2012 election candidate questionnaire: Barbara Frasca, Champaign County recorder

Barbara A. Frasca

3305 Springview Lane, Champaign 61822

Republican

Date of birth: Feb. 19, 1961

Education: BS Elementary education, University of Illinois 1984

Occupation: Champaign County Recorder of Deeds. Former teacher.

Political experience: Has served four terms as recorder, starting in 1996.

1. What qualifies you to be the Champaign County Recorder?

My job experience with the Champaign County Recorder's office qualifies me to be re-elected Recorder. My knowledge of the issues regarding land recordation throughout the state of Illinois and nationally is extensive.
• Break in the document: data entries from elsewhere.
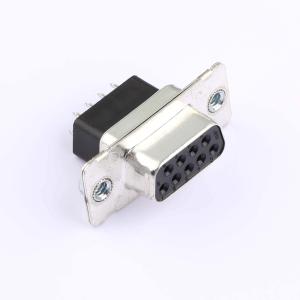 5747190-2商品缩略图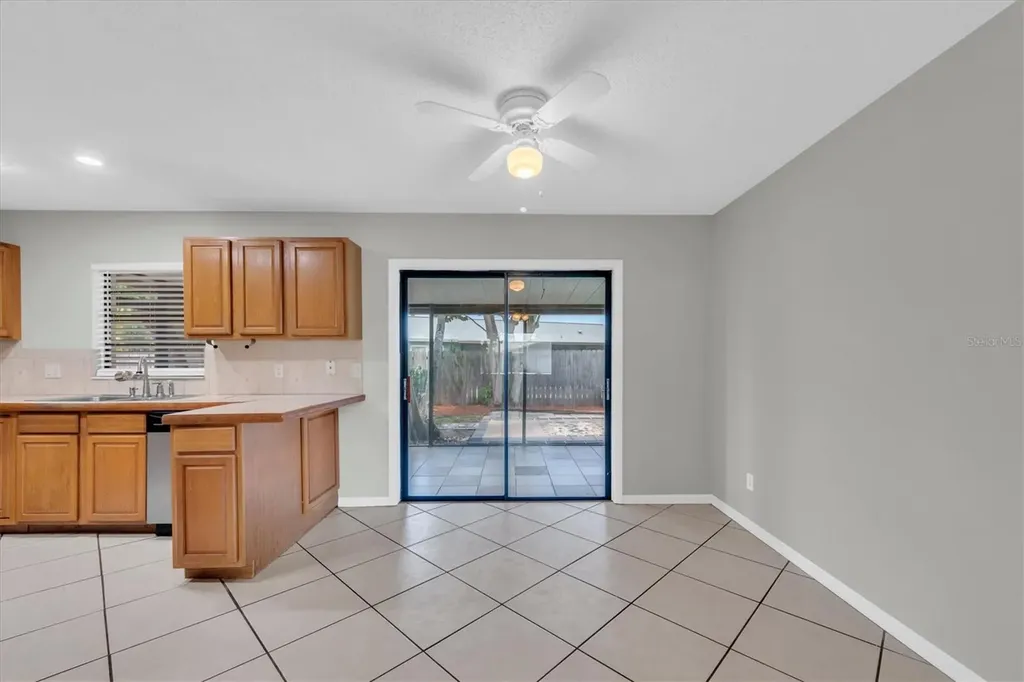 13200 Ridge Road Largo FL 33778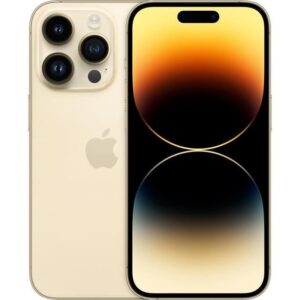 Apple iPhone 14 Pro (1024GB/Gold)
I have been elected Champaign County Recorder since 1996. I have gained the reputation for being on the cutting edge of new technology; being one of the first counties in Illinois to begin electronic recording of documents and incorporating a state of the art computer system which allows for Internet access to users 24/7. The Champaign County Recorder's office is the first in the state to install a system whereby we are able to sell copies to title plants directly, cutting out the middleman, bringing more revenue home to the county and, even more importantly, granting us greater control over the distribution of information. I have served on several statewide panels including the committee which worked with the secretary of state to develop the Electronic Recording Commission. I have also played an integral part in discussions with the Illinois Department of Revenue on developing a system for electronic transfer payments. I am very proud to have been of assistance to the Illinois attorney general in her lawsuit against some of the biggest banks in the country regarding the illegal practice of "robosigning." I have played an active role within the office as well. I participate daily in the work of recording documents. This allows me an insight into the office makeup, what works and what doesn't, as well as where our next area of concern night be. I take pride in the fact that I wait on customers, find documents, do recordings, answer questions and am able to manage the office with efficiency and a tight bottom line.

2. Are there any specific qualifications for the office?
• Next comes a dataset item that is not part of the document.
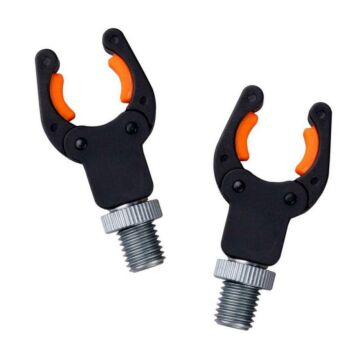 Prologic_Deluxe_Butt_Klinger_Rod_Rest_2_stuks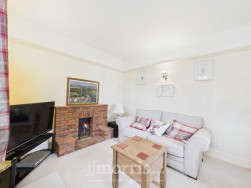 Aberporth, Cardigan, SA43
As the elected Recorder you are a department head within Champaign County. An understanding of accounting and budgeting is a must. We take in anywhere from $2,000 to more than $30,000 a day in revenue. The money is broken down into 11 different funds, all with different qualifiers. Our annual revenue stream for general corporate and special automation funds surpasses $2 million, with expenditures of approximately $300,000. An in-depth study of economic factors, banking, commerce and the real estate market is the key to creating an accurate accounting of future revenue and expenditure lines; knowing how much money will be coming into the county through real estate sales and how much it is going to cost to get the work done in the most efficient manner. Consequently an understanding of the often complex real estate and banking communities is vital. We record many types of documents, such as mortgages, releases, assignments, subordination agreements, etc. Awareness of what these documents are and how they relate to one another is the cornerstone of our office. As a department head you must also be able to manage personnel and personnel issues. Experience in human resources should be a qualification for the office, as you do not have much support in this area from within the county. As the Champaign County Recorder you are an elected official so experience in public service is a must. Balancing the public's needs with your ability to meet these needs within the construct of the state statute is vital. The Recorder needs to have a working knowledge of computers, networking, storage and media, and be willing to stay abreast of new technologies in all these areas. The change in the technology within our office since I began in 1996 is tremendous and noteworthy.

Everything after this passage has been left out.